→ **What this task involves**:
Pictures do not belong in the copy. Write out exactly the lines from the one containing "Косарка Fortschritt Е-302 1983 - фото 1" through the end of the data.

→ **Records provided**:

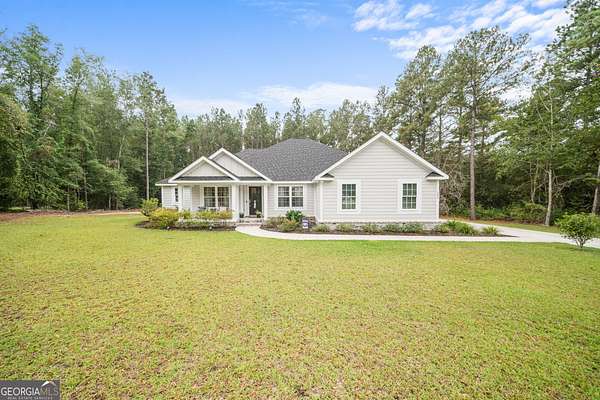 1.76 Acres of Land with Home for Sale in Statesboro, Georgia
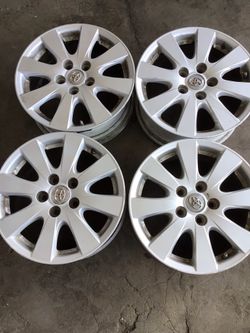 Nice rims 2007-2011 Toyota Camry 16 inch (firm price)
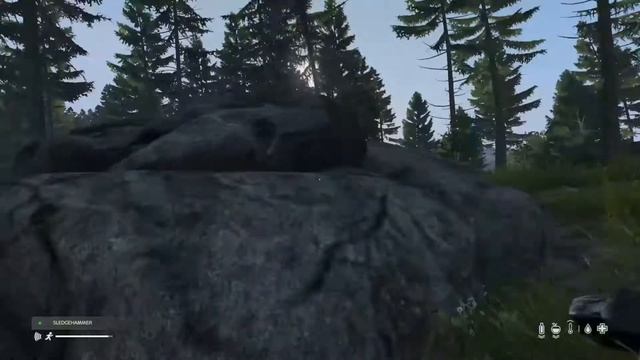 Xbox One-DayZ-KILLING A BEAR WITH A SLEDGEHAMMER смотреть онлайн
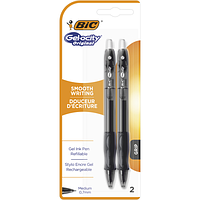 Ручка Bic GelOcity Original чорна 2 шт. у блістері (bc964760)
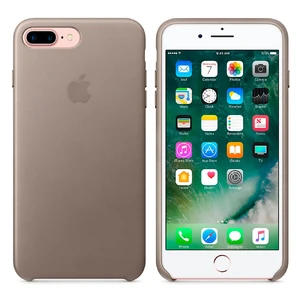 Шкіряний чохол Apple Leather Case Taupe (MPTC2) для iPhone 7 Plus | 8 Plus - Фото 6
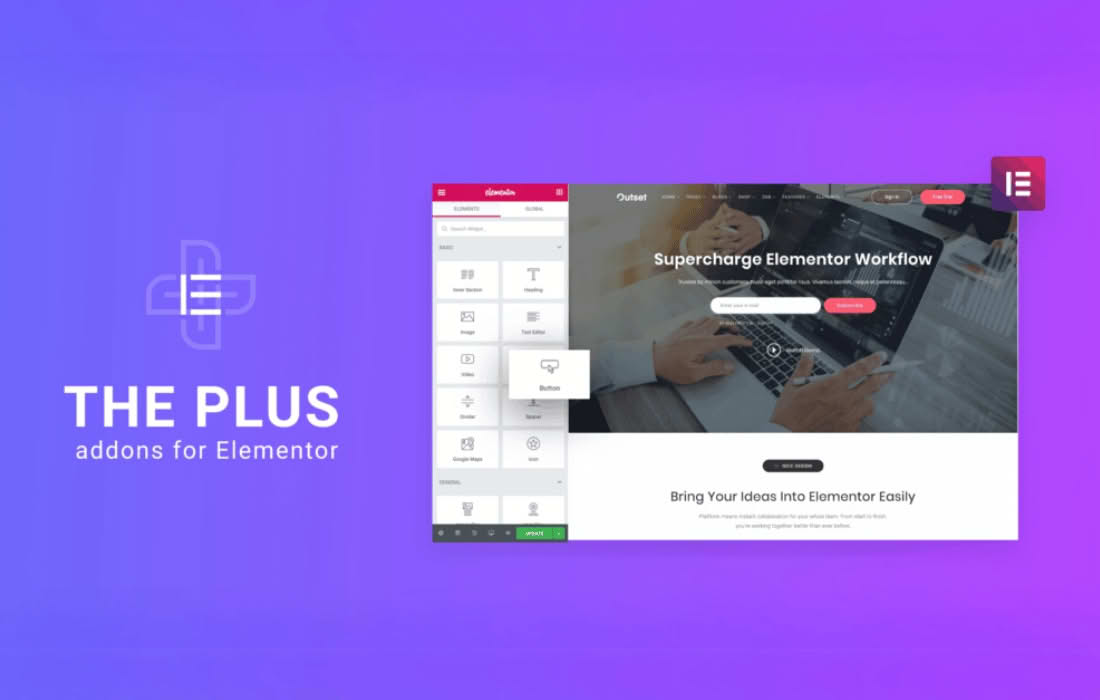 Download The Plus Addons for Elementor - Pro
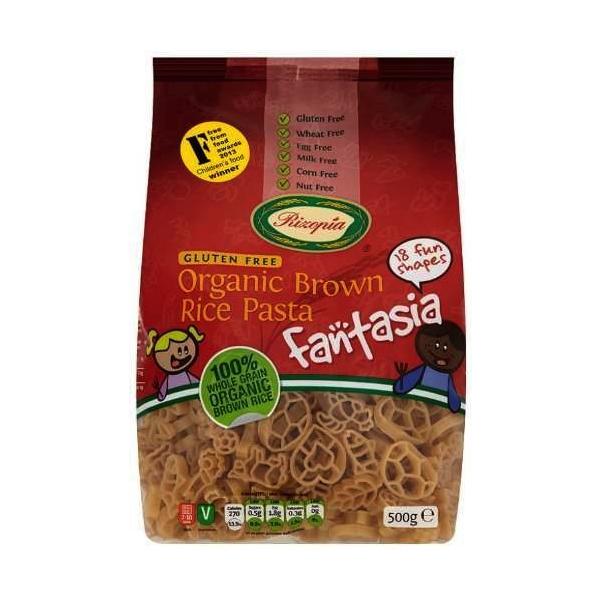 A bag of Rizopia Organic Brown Rice Fantasia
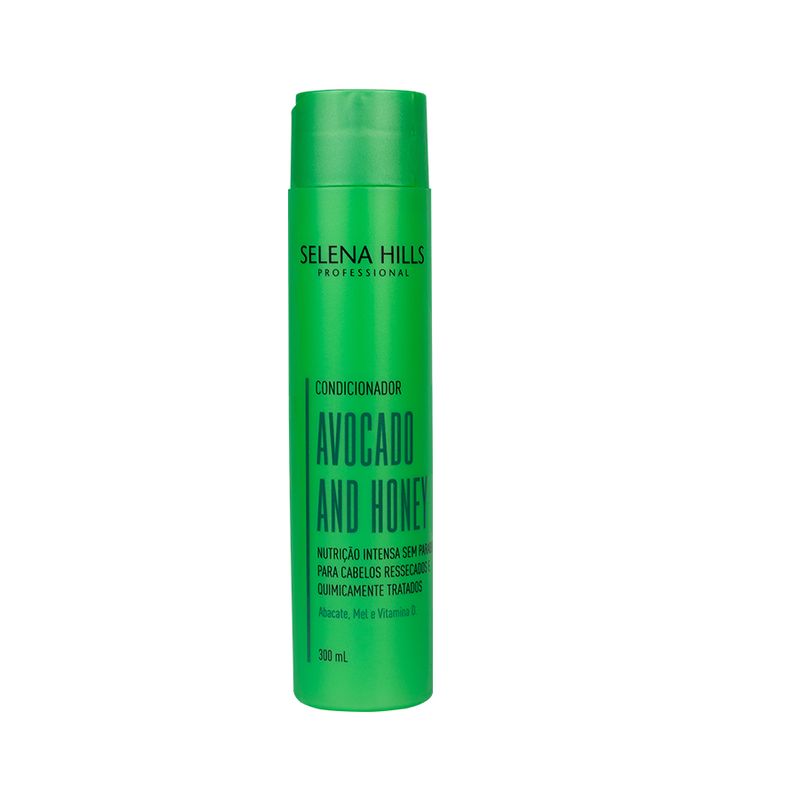 condicionador-selena-hills-avocado-and-honey-300ml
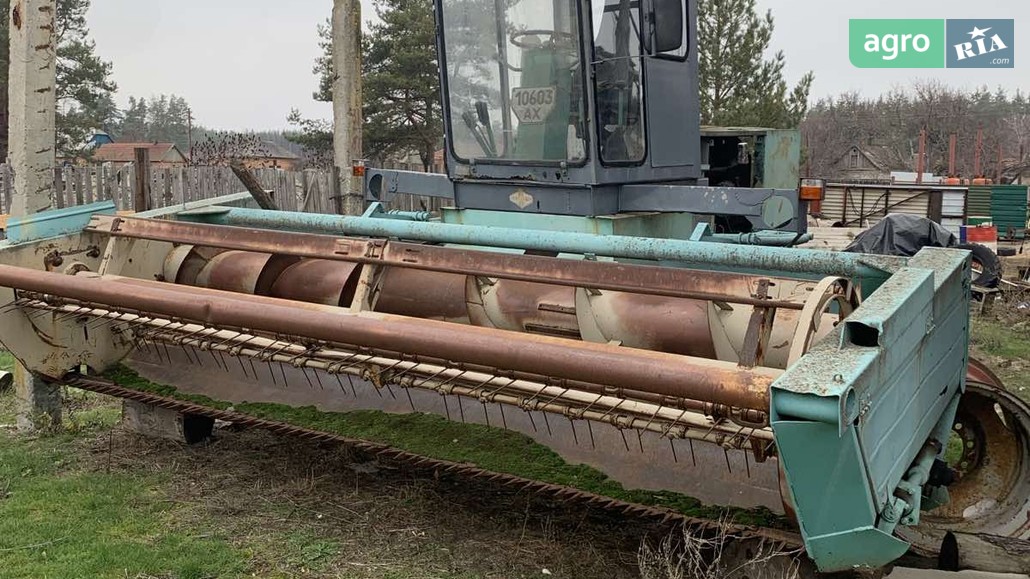 Косарка Fortschritt Е-302 1983 - фото 1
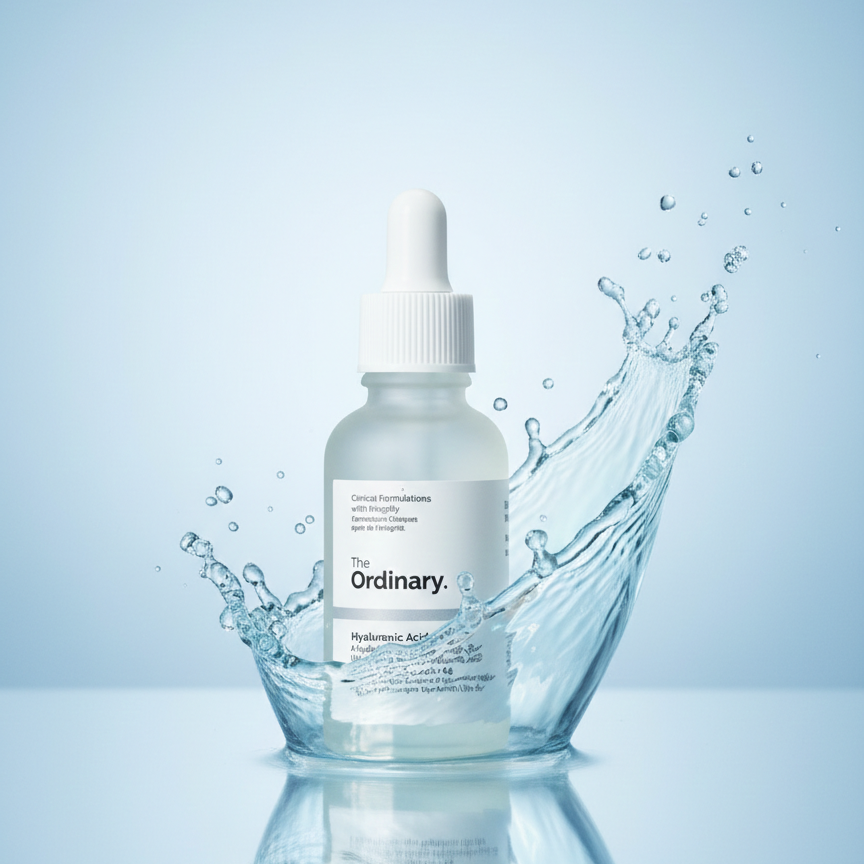 The Ordinary Skin Quench &amp; Aqua Boost Serum | B5 + Hyaluronic Acid 2% | Deep Hydration &amp; Radiant Skin Renewal | 30gm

→ **Written response**:
 Косарка Fortschritt Е-302 1983 - фото 1
 The Ordinary Skin Quench &amp; Aqua Boost Serum | B5 + Hyaluronic Acid 2% | Deep Hydration &amp; Radiant Skin Renewal | 30gm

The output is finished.